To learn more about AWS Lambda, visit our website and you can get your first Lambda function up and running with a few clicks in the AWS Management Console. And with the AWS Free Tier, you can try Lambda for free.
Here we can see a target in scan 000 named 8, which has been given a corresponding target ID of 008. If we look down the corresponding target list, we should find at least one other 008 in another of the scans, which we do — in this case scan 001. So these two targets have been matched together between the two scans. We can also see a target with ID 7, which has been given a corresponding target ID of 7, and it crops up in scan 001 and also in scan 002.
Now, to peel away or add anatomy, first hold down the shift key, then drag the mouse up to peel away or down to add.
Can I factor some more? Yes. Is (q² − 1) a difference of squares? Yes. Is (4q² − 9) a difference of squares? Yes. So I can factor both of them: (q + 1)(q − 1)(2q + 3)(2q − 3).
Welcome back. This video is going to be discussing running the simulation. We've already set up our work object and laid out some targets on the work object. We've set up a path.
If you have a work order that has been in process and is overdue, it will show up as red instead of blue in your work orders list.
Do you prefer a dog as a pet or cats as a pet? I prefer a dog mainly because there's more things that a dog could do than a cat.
...
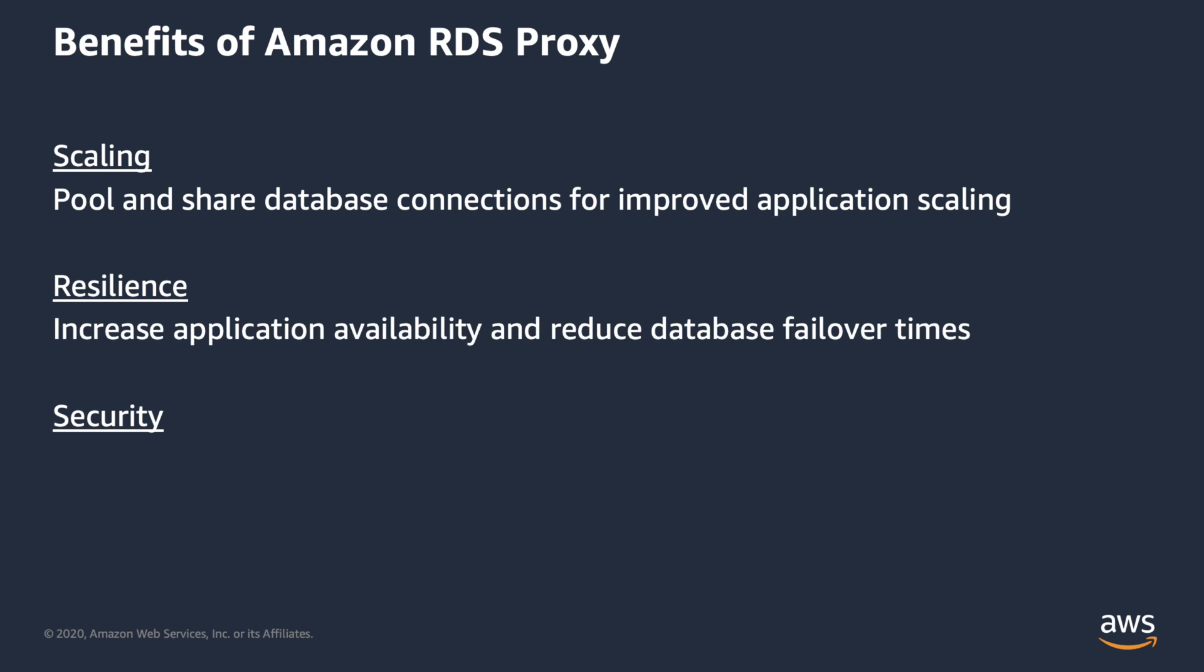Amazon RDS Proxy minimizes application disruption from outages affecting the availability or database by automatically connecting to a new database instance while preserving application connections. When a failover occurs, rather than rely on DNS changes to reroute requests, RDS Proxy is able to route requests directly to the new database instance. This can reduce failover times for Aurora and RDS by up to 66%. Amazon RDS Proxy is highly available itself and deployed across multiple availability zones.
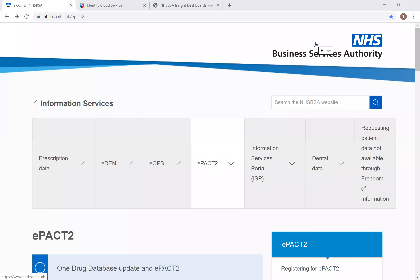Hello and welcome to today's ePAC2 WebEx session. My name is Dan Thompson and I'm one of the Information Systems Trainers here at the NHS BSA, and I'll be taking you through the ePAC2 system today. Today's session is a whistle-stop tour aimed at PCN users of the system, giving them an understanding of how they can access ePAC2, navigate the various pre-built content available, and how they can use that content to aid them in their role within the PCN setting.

Instructions for the task |
In the listing above, find the line with "If you have" and the line with "Do you prefer". Output those two lines and every line between them, exactly as written.

Exercise result |
If you have a work order that has been in process and is overdue, it will show up as red instead of blue in your work orders list.
Do you prefer a dog as a pet or cats as a pet? I prefer a dog mainly because there's more things that a dog could do than a cat.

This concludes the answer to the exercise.